| INPUT |
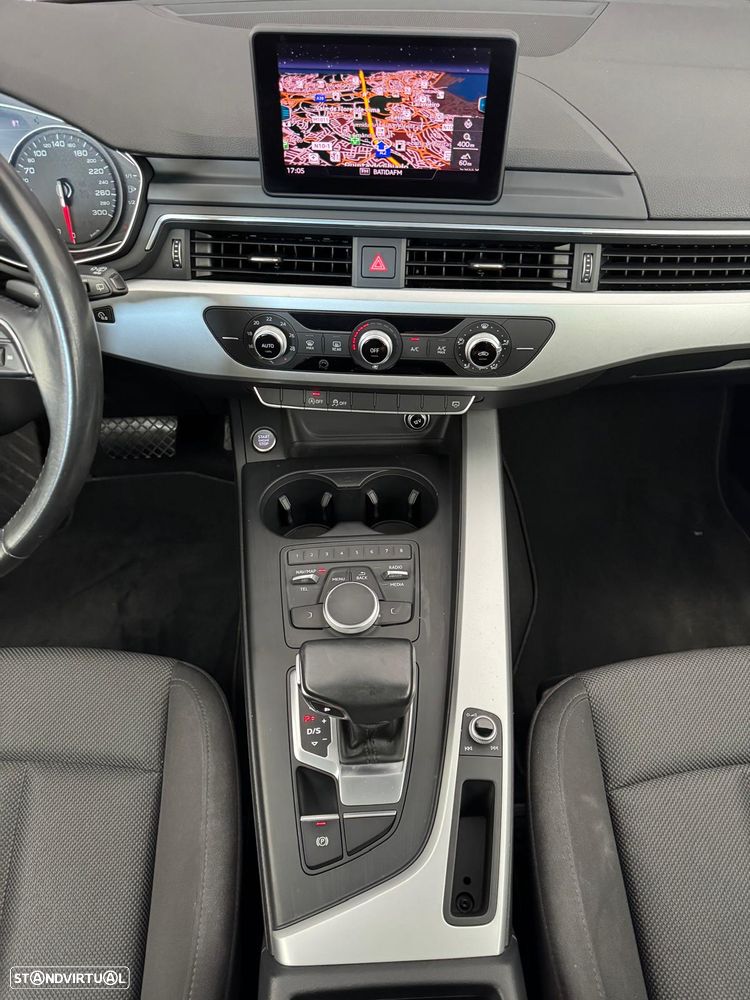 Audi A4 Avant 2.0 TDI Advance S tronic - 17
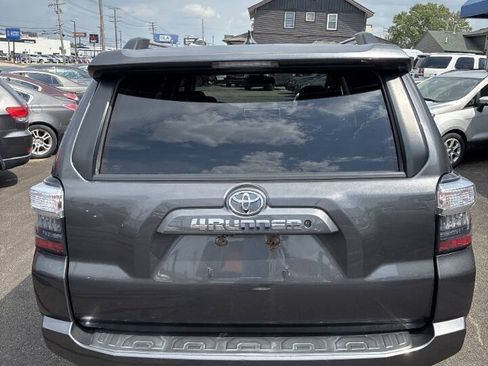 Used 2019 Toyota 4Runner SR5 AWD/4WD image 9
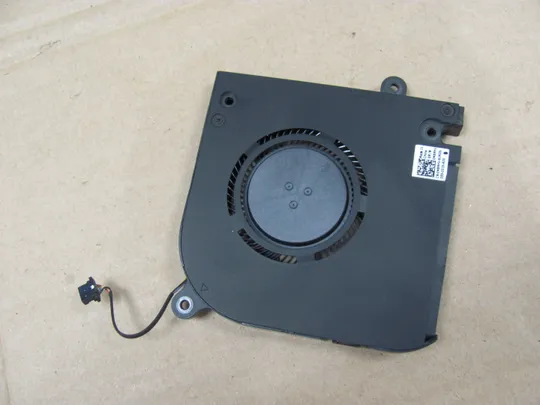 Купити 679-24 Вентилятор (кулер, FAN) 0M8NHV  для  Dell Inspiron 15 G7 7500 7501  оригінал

...

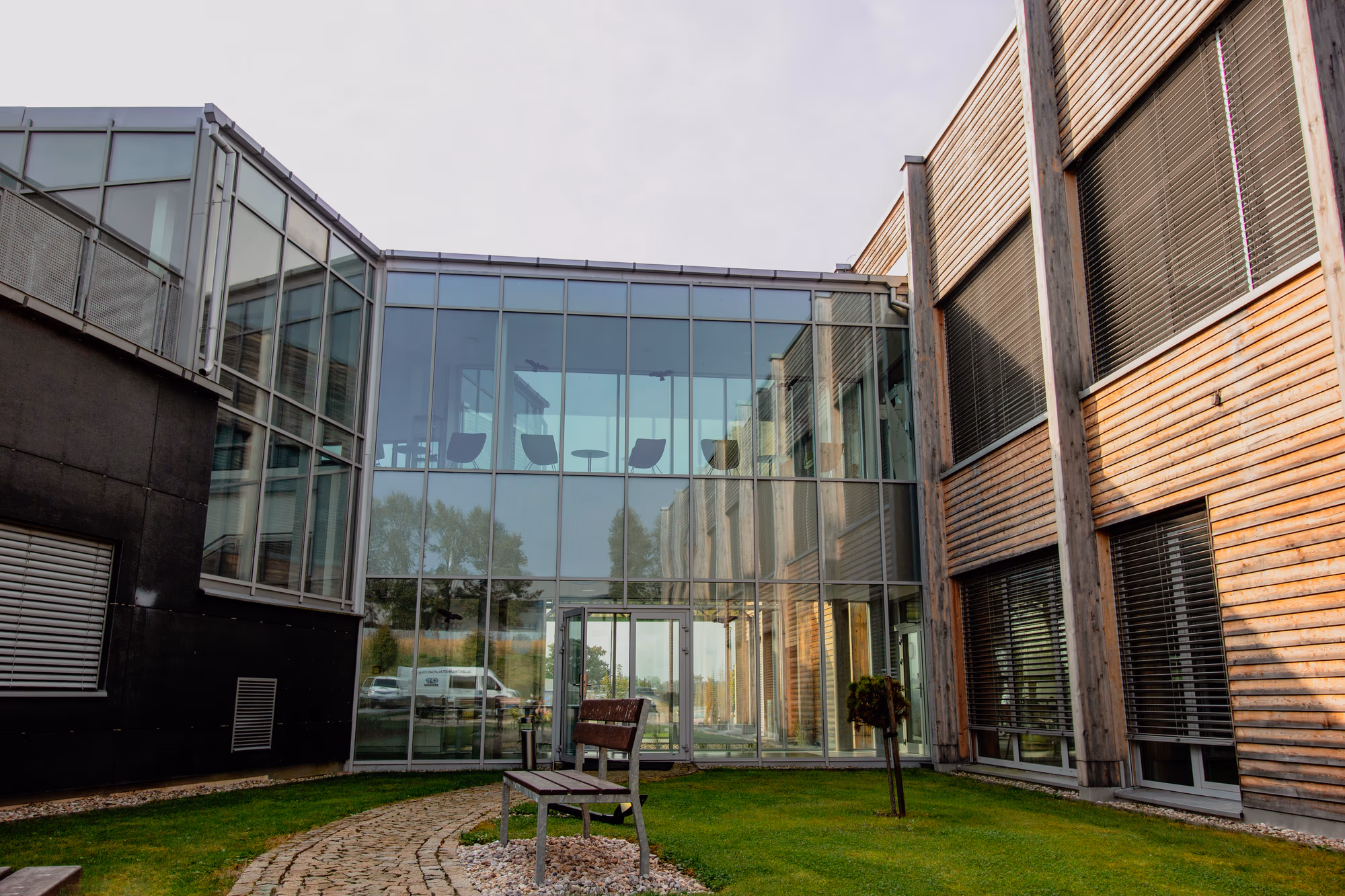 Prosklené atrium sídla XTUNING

==

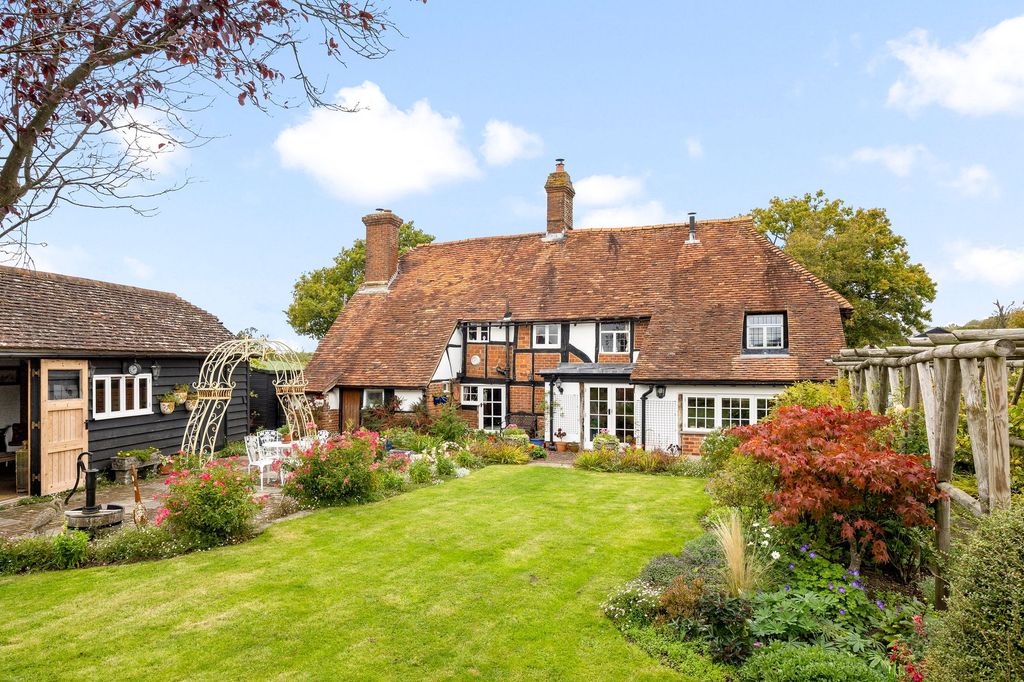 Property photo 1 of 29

| YOUR TASK |
From the material above, reproduce only what runs from the line holding "Audi A4 Avant 2.0 TDI Advance S tronic - 17" down to the line holding "Купити 679-24 Вентилятор", both included, pictures excluded.

| EXERCISE SOLUTION |
 Audi A4 Avant 2.0 TDI Advance S tronic - 17
 Used 2019 Toyota 4Runner SR5 AWD/4WD image 9
 Купити 679-24 Вентилятор (кулер, FAN) 0M8NHV  для  Dell Inspiron 15 G7 7500 7501  оригінал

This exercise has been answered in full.